BCELossWithLogits Probability below 0.5

Jam · May 18, 2021, 3:10pm

I am working on a binary classification problem for which I am using the BCELosswithLogits and (since my data is imbalanced) the BinaryFocalLoss. To get the probability of the sample being positive, I apply the sigmoid function to the output of the model. However, even though I could improve my model from 68% AUC to 81% AUC, when I look at the predicted probabilities, they are always below 0.5. Am I doing something wrong?

ptrblck · May 19, 2021, 6:09am

If the probabilities are always below 0.5, which I assume is the used threshold to get the predictions, I would also guess that the model is only predicting class0, i.e. the negative class in a binary classification setup?
If so, did you check the confusion matrix or other metrics?

Jam · May 19, 2021, 7:21am

Thanks for your reply! I will plot the confusion matrix but how do I know which is the correct threshold?
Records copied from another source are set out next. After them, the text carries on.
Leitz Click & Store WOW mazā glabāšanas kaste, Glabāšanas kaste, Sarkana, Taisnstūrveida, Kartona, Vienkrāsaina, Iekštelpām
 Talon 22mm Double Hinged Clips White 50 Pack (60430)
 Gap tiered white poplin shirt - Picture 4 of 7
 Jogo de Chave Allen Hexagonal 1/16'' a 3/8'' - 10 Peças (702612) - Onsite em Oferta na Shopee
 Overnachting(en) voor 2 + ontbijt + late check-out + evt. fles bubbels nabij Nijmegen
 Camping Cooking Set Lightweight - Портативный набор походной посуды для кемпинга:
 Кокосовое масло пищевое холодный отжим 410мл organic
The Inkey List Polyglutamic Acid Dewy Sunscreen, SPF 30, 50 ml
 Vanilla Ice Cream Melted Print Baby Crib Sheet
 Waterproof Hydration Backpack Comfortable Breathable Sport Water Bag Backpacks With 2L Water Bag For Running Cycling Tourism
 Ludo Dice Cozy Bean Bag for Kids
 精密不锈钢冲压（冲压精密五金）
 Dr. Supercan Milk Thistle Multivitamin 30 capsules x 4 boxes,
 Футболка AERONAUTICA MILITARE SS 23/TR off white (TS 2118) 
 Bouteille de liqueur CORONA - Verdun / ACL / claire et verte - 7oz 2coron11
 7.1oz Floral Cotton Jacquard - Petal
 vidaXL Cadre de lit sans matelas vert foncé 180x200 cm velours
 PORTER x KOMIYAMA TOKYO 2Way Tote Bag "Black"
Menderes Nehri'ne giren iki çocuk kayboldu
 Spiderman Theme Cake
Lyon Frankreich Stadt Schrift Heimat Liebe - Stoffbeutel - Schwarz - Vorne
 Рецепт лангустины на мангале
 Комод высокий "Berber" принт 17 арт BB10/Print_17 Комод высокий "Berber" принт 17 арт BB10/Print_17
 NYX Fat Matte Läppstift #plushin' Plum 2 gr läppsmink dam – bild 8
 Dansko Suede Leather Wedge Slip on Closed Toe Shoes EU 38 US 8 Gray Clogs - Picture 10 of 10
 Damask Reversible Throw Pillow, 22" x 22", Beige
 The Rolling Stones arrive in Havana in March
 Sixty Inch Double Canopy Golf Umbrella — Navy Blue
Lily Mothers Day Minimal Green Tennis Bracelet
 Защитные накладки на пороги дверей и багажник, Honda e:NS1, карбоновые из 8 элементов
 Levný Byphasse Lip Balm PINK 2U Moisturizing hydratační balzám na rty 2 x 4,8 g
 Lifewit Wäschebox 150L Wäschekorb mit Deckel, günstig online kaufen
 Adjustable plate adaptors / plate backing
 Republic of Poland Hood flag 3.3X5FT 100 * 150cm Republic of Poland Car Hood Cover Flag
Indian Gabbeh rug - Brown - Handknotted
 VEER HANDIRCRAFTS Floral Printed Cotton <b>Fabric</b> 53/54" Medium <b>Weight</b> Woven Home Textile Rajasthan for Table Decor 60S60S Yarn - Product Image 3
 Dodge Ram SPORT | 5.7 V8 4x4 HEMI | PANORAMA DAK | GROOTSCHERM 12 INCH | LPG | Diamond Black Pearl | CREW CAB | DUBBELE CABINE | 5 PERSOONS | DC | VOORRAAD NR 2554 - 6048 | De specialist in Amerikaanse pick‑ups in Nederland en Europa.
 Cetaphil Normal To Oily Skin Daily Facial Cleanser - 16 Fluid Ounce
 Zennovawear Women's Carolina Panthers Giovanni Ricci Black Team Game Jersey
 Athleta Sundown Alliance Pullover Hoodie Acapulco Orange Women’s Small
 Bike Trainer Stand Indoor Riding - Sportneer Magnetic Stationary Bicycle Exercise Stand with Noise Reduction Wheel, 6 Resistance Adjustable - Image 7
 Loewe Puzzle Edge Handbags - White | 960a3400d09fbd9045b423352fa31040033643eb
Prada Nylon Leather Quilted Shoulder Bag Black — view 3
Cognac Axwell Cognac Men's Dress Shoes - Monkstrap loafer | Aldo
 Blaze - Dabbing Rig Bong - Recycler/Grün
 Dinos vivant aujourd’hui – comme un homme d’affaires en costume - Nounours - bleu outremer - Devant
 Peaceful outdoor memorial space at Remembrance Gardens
So far, I assumed it is 0.5 but it could be different, couldn’t it?

ptrblck · May 19, 2021, 7:26am

0.5 could be a good starting point and you could check the ROC for different thresholds and pick the best suitable one for your use case.

Jam · May 19, 2021, 7:42am

Thanks, I will try do to that as well.
So when using 0.5 as the threshold, I get the following confusion matrix:
grafik

That means, that my model actually predicts both classes but it only predicts FP. So it doesn’t get any of the TP, correct? I don’t understand how that is possible. Do you think the threshold could affect this?

ptrblck · May 19, 2021, 8:04am

Yes, it seems that no FP are returned. Also yes, you can check the ROC to select the threshold for the TPR vs. FPR value you want.

Jam · June 3, 2021, 2:53pm

I adjusted the threshold accordingly (it is 0.25). Does it make sense that my lowest probability is only 0.126 (I’d have assumed something closer to 0) and my highest (best predictions for TP) is still below 0.5? Should I not expect something close to 1?

ptrblck · June 3, 2021, 9:56pm

The smaller range of values might indicate that the model wasn’t trained for many epochs and thus the logits have a relative narrow range. You could thus try to train the model for more epochs, in case it’s not overfitting.

Jam · June 4, 2021, 5:53pm

Thanks for your reply! So far it is overfitting after more than 30 epochs but I will try to make further adjustments.